▶ _Your objective_:
When you copy the listing, skip the images and return each line verbatim.

==== Dataset ====

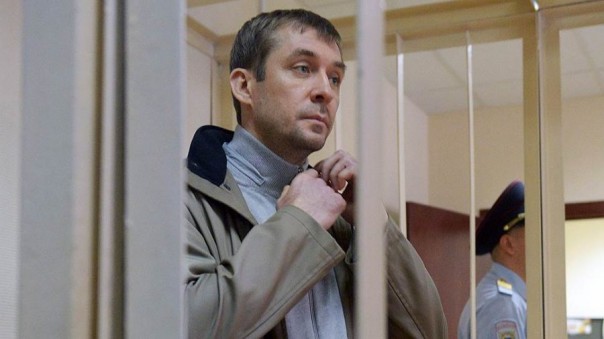 Отец полковника МВД Захарченко арестован по обвинению в растрате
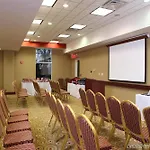 Hampton Inn & Suites Staten Island 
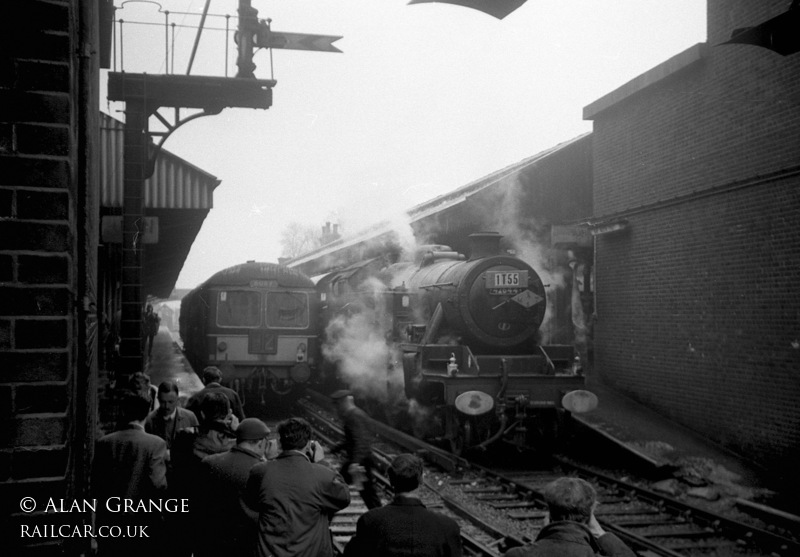 Class 105 DMU at Bury Bolton Street
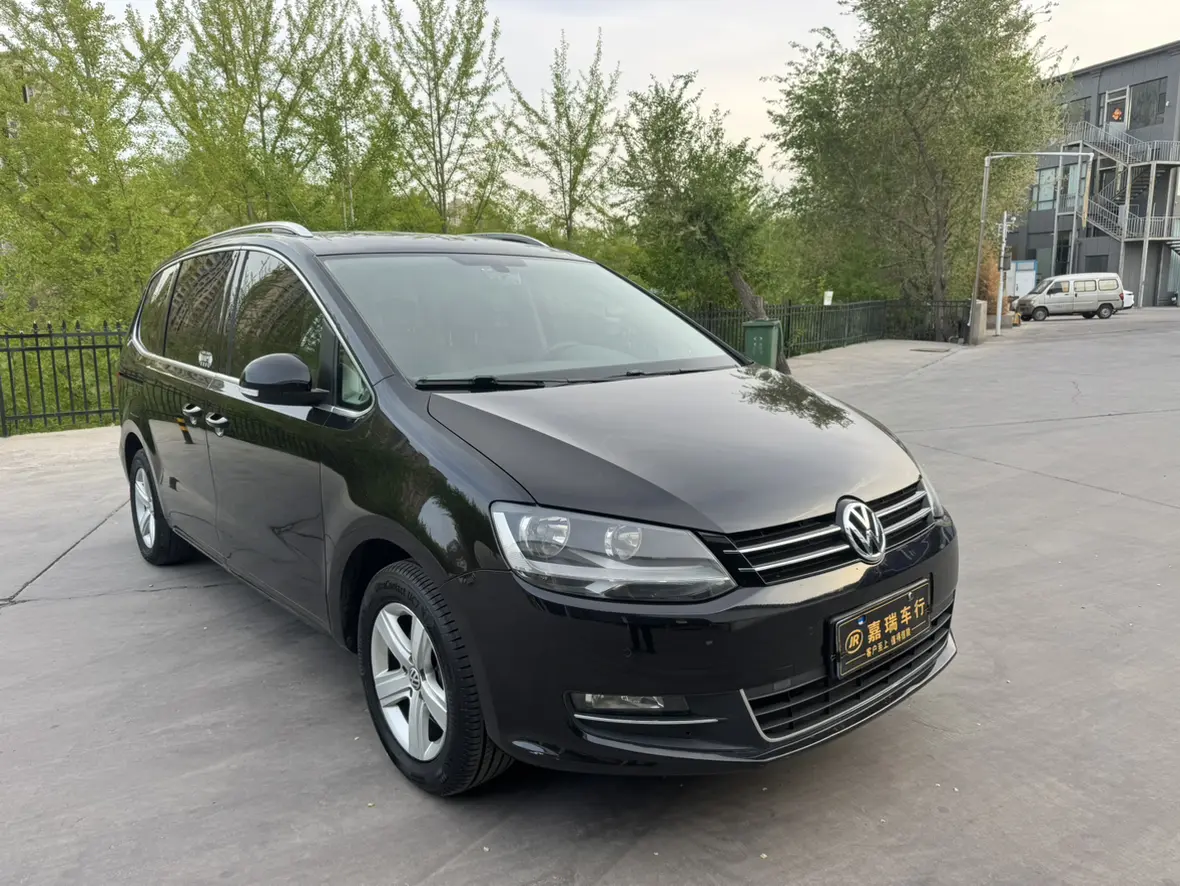 Volkswagen Sharon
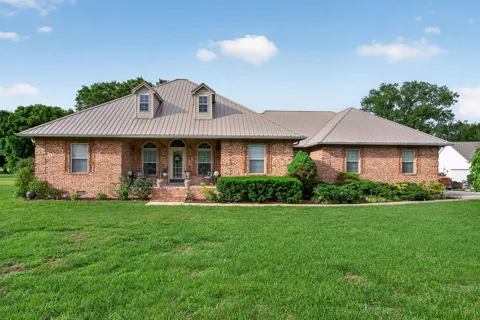 271 Hearthstone Dr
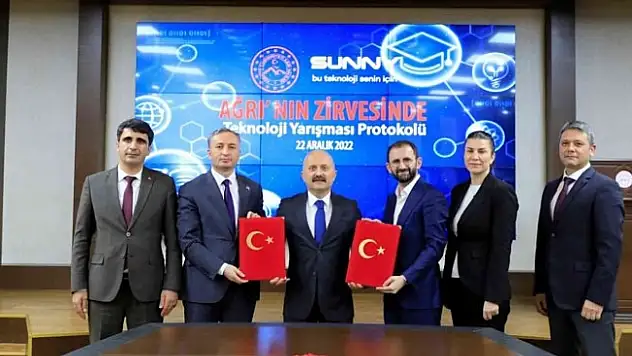 Ağrı'nın Zirvesinde Teknoloji Yarışması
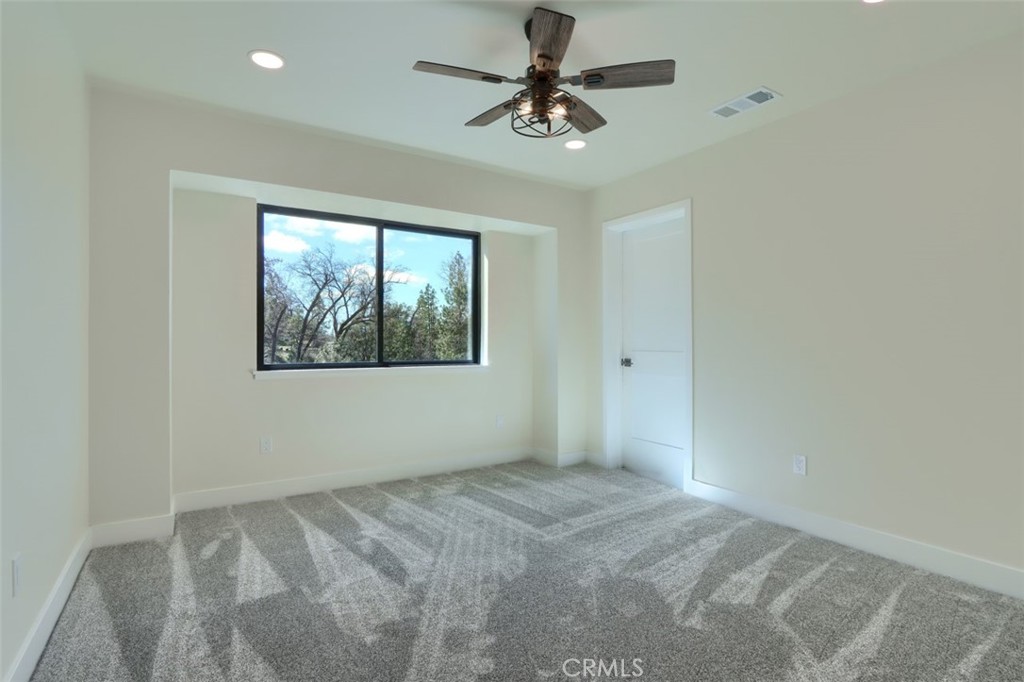 3181 B Triangle Park Dr, Mariposa, CA 95338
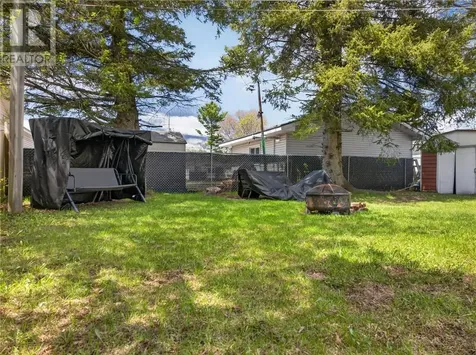 527 Mead Boulevard Espanola ON
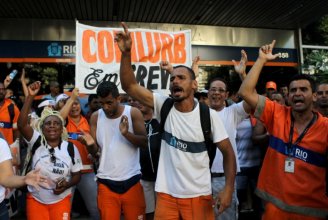 Mobilização dos garis do Rio de Janeiro segue, mesmo com as mentiras da Comlurb
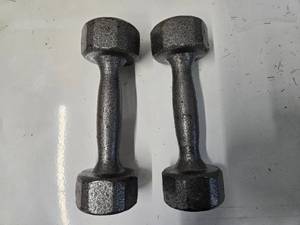 lot 18 image: Lot of a Pair of VTX 5LB Metal Dumbbells (Used, Good Condition)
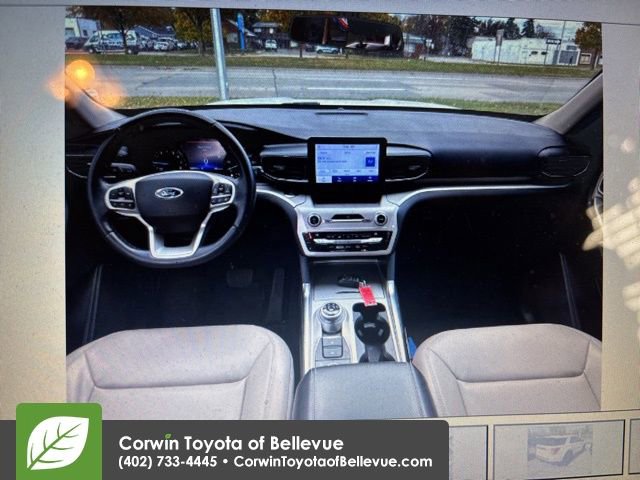 Used 2021 Ford Explorer XLT w/ Equipment Group 202A image 3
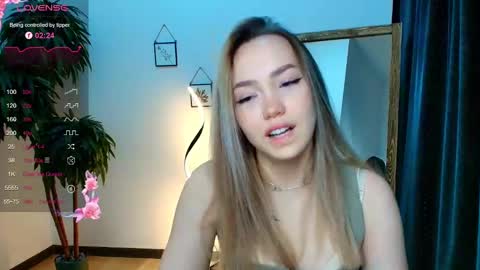 Snapshot of hottease_pvt chatting on 12-04-24, 11:19 hello Im Eva online show from 12-04-24, 11:19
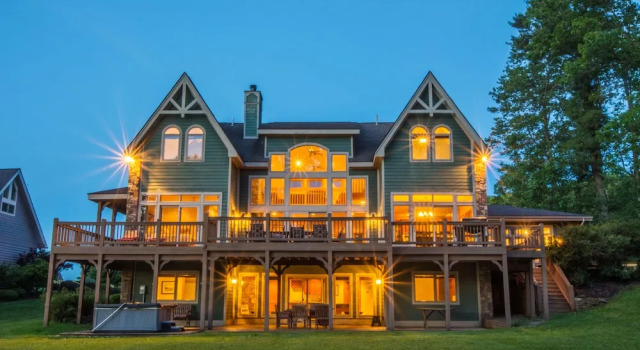 Unforgettable 8 Bedroom House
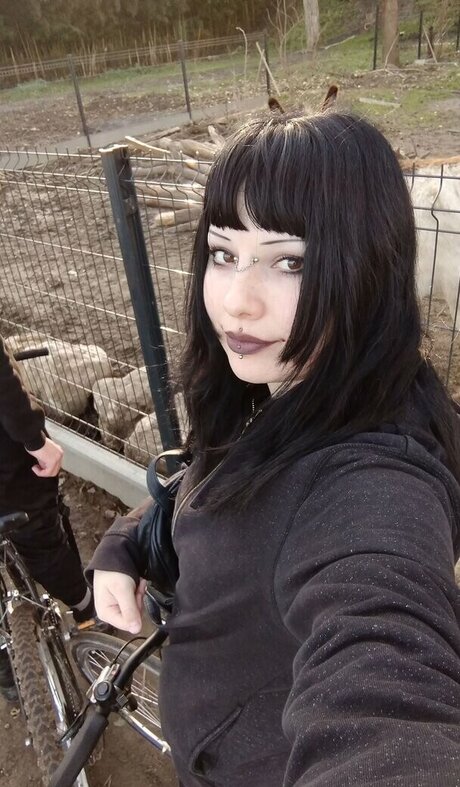 gothbynight xxx star photo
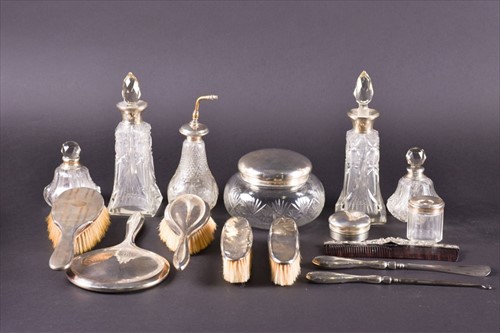 Lot 459 - A quantity of 19th and 20th century solid...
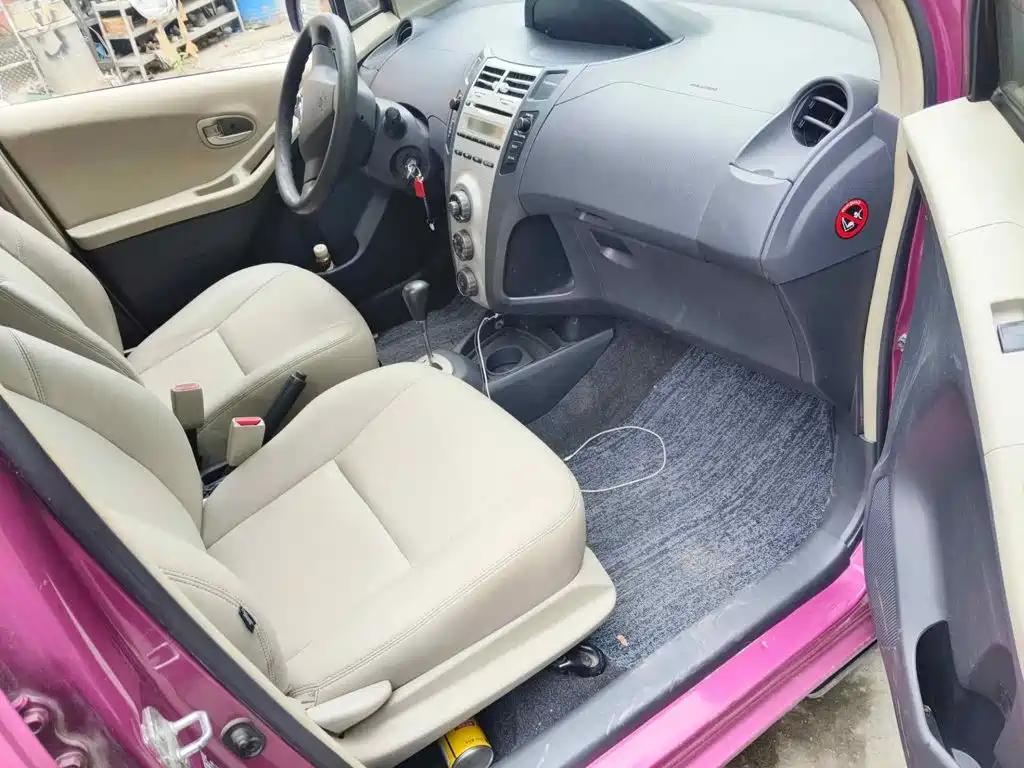 Toyota Yaris 2010 2009 1.6E Automatic Comfort Edition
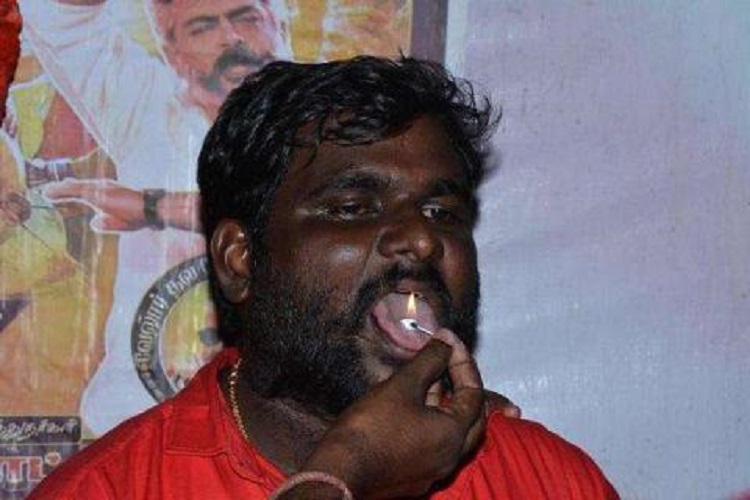 ‘நாக்கில் கற்பூரம் ஏற்றிய அஜித் ரசிகர்கள்!’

====

▶ _Output_:
 Отец полковника МВД Захарченко арестован по обвинению в растрате
 Hampton Inn & Suites Staten Island 
 Class 105 DMU at Bury Bolton Street
 Volkswagen Sharon
 271 Hearthstone Dr
 Ağrı'nın Zirvesinde Teknoloji Yarışması
 3181 B Triangle Park Dr, Mariposa, CA 95338
 527 Mead Boulevard Espanola ON
 Mobilização dos garis do Rio de Janeiro segue, mesmo com as mentiras da Comlurb
 lot 18 image: Lot of a Pair of VTX 5LB Metal Dumbbells (Used, Good Condition)
 Used 2021 Ford Explorer XLT w/ Equipment Group 202A image 3
 Snapshot of hottease_pvt chatting on 12-04-24, 11:19 hello Im Eva online show from 12-04-24, 11:19
 Unforgettable 8 Bedroom House
 gothbynight xxx star photo
 Lot 459 - A quantity of 19th and 20th century solid...
 Toyota Yaris 2010 2009 1.6E Automatic Comfort Edition
 ‘நாக்கில் கற்பூரம் ஏற்றிய அஜித் ரசிகர்கள்!’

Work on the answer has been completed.